Once you get the ear in for the accent he is quite an engaging speaker.

He raises some interesting points that I've attempted to discuss before but didn't get very far with largely I think because I didn't explain myself myself very well. He says that dumb money went into infrastructure and capacity and that this actually acts as a subsidy for anyone who can arrange things such that it is used. It was my understanding, perhaps wrong, that this is true of nearly all infrastructure projects. The people who built the railways (internationally I mean) went broke eventually. The people who bought them went broke. The people who bought them went broke. And it was only down the line that someone actually made money from them. I think the same is true of fiber optic in the ground (Virgin are I think around the 5th or 6th owners of the bit this is coming to you over) and might say its partly true of dotcom.

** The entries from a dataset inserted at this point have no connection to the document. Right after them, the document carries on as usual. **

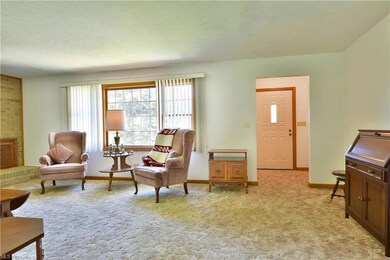 Living area featuring brick wall and light carpet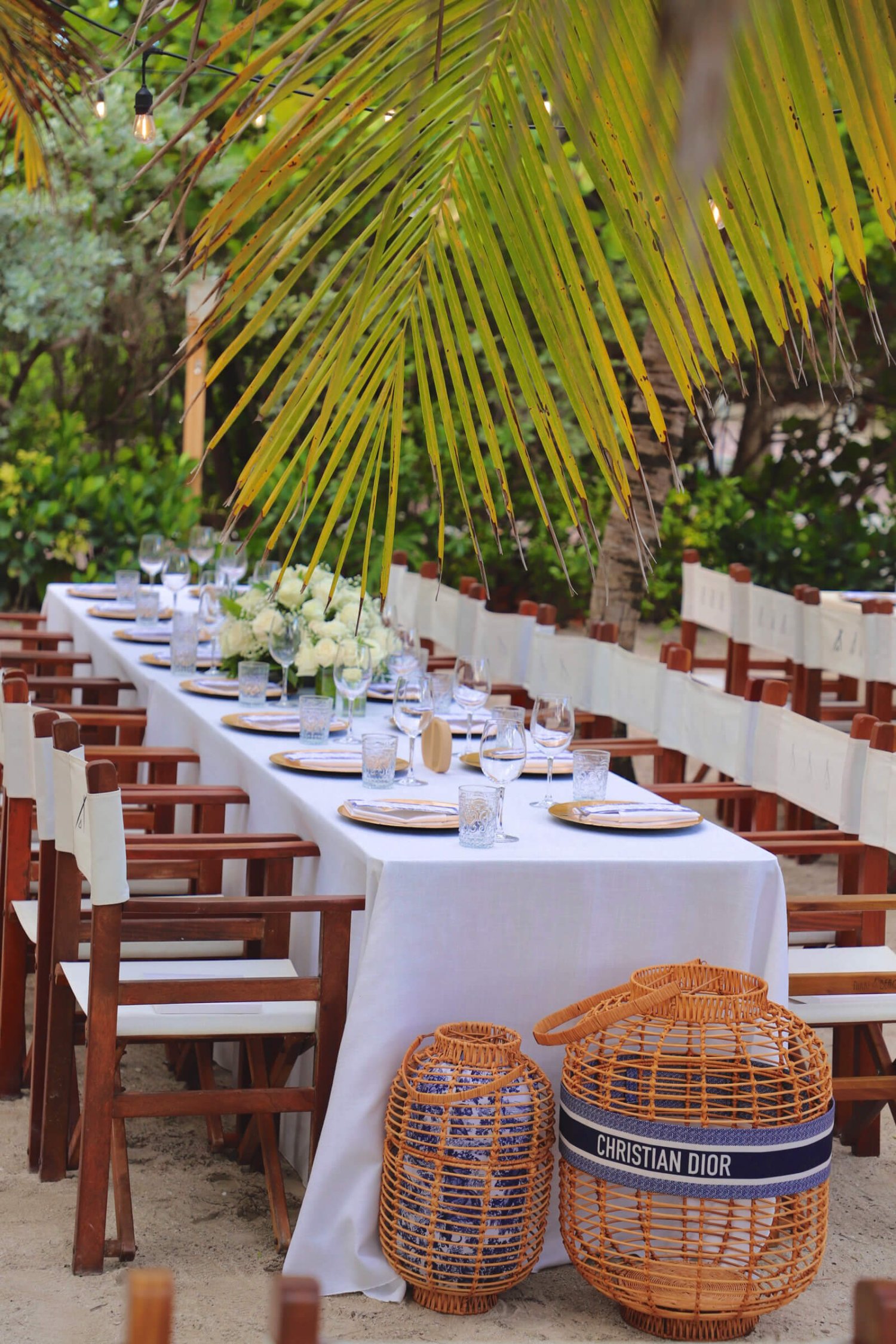 A long dining table set ready for guests, seating approximately 20 people. A Christian Dior wicker basket sits in front of the table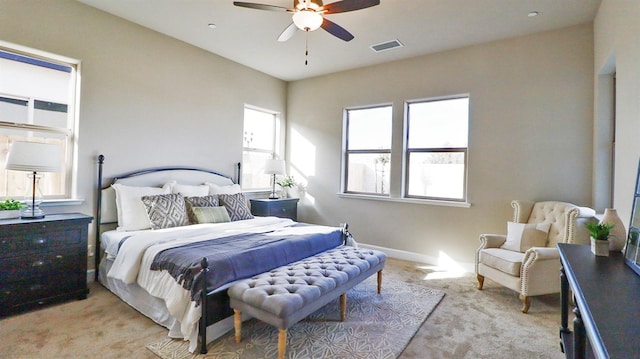 bedroom with ceiling fan and light carpet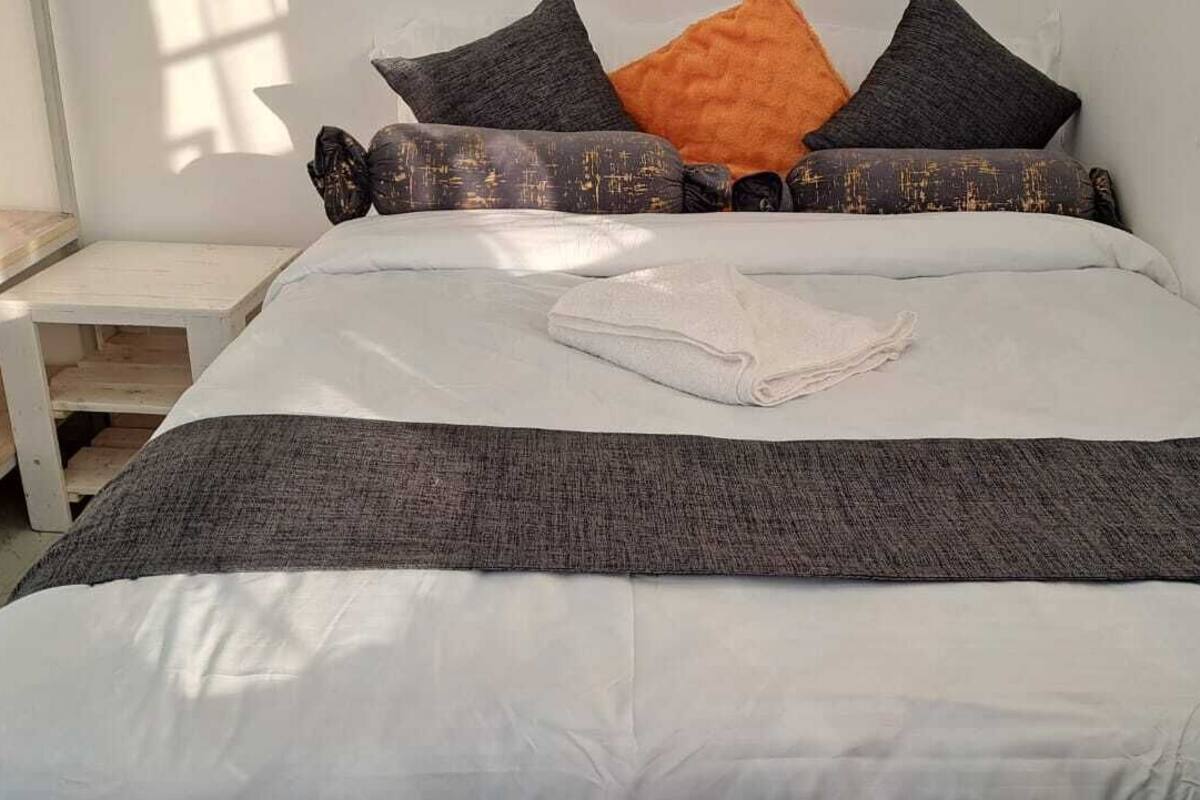 Un lit bien fait, avec une couette blanche, des oreillers aux motifs gris et noirs et une serviette blanche pliée.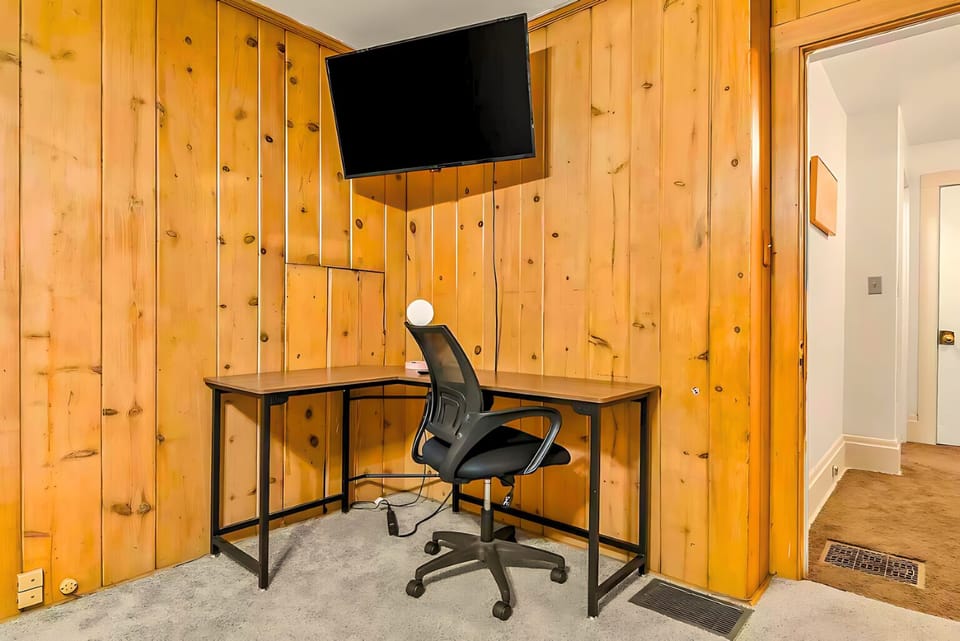 A rustic wood-paneled room, with a dedicated workspace ideal for productivity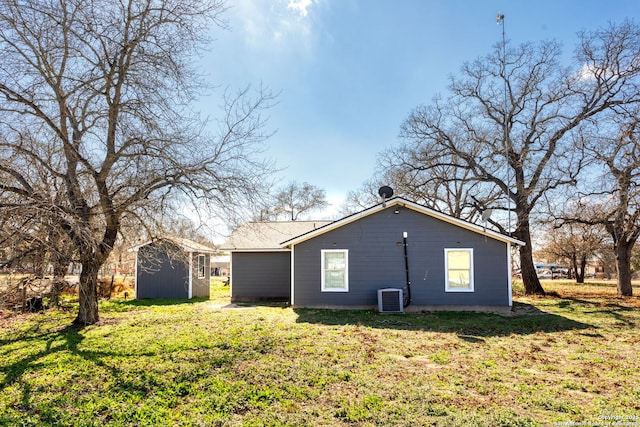 rear view of property featuring a storage shed, cooling unit, and a lawn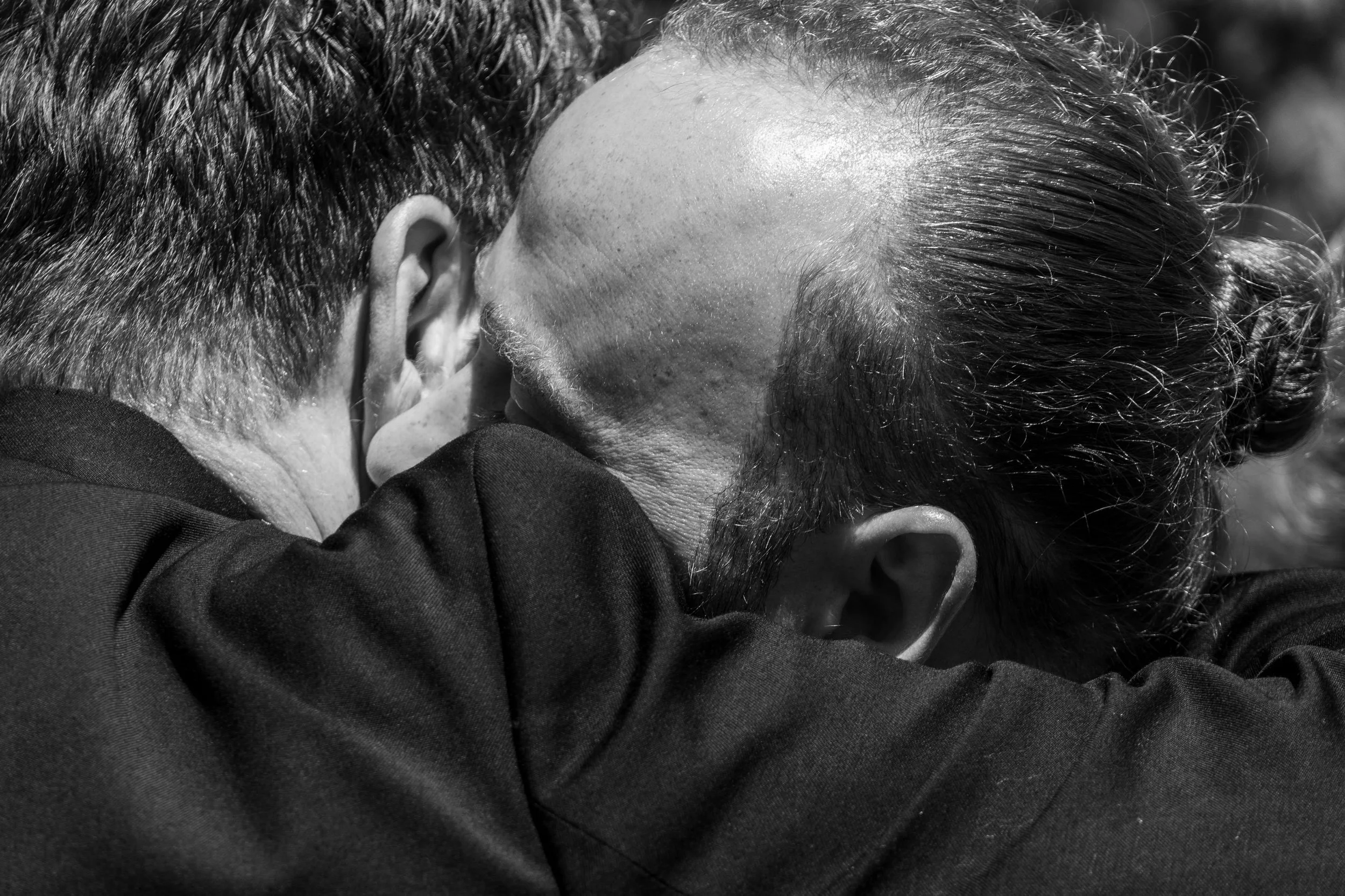 Deux personnes, visibles seulement de dos, s'embrassent étroitement, avec une personne ayant des cheveux courts et l'autre des cheveux longs, dans un environnement probablement extérieur.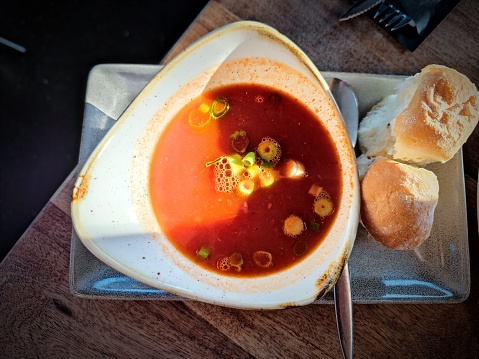 Bowl of thick tomato soup with crusty bread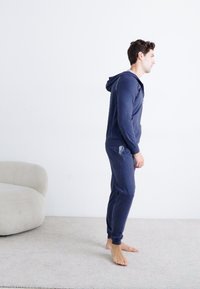 Námořnickomodrý hoodie a jogger set vyrobený z měkké tkaniny, s úzkým střihem, předními kapsami a texturovaným povrchem.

Which makes me wonder if infrastructure investments of that type are not simply too expensive for a world without leverage. Yet we feel the benefit of them generations after (the Pyramids have probably paid off for Egypt by now). Which is a slightly different take on the borrowing from the future argument (and, shockingly, I've just realised was Gordon Brown's argument about borrowing in the old days... I feel a bit weird now).

Of course in deregulation mad loony neo-liberal Britain we've had the worst possible kind of misallocation into nasty little flats in the wrong places that nobody wants to live in. Thats a loss that will have to be swallowed whole with no redeeming features. If only it had been a highspeed railway or something instead.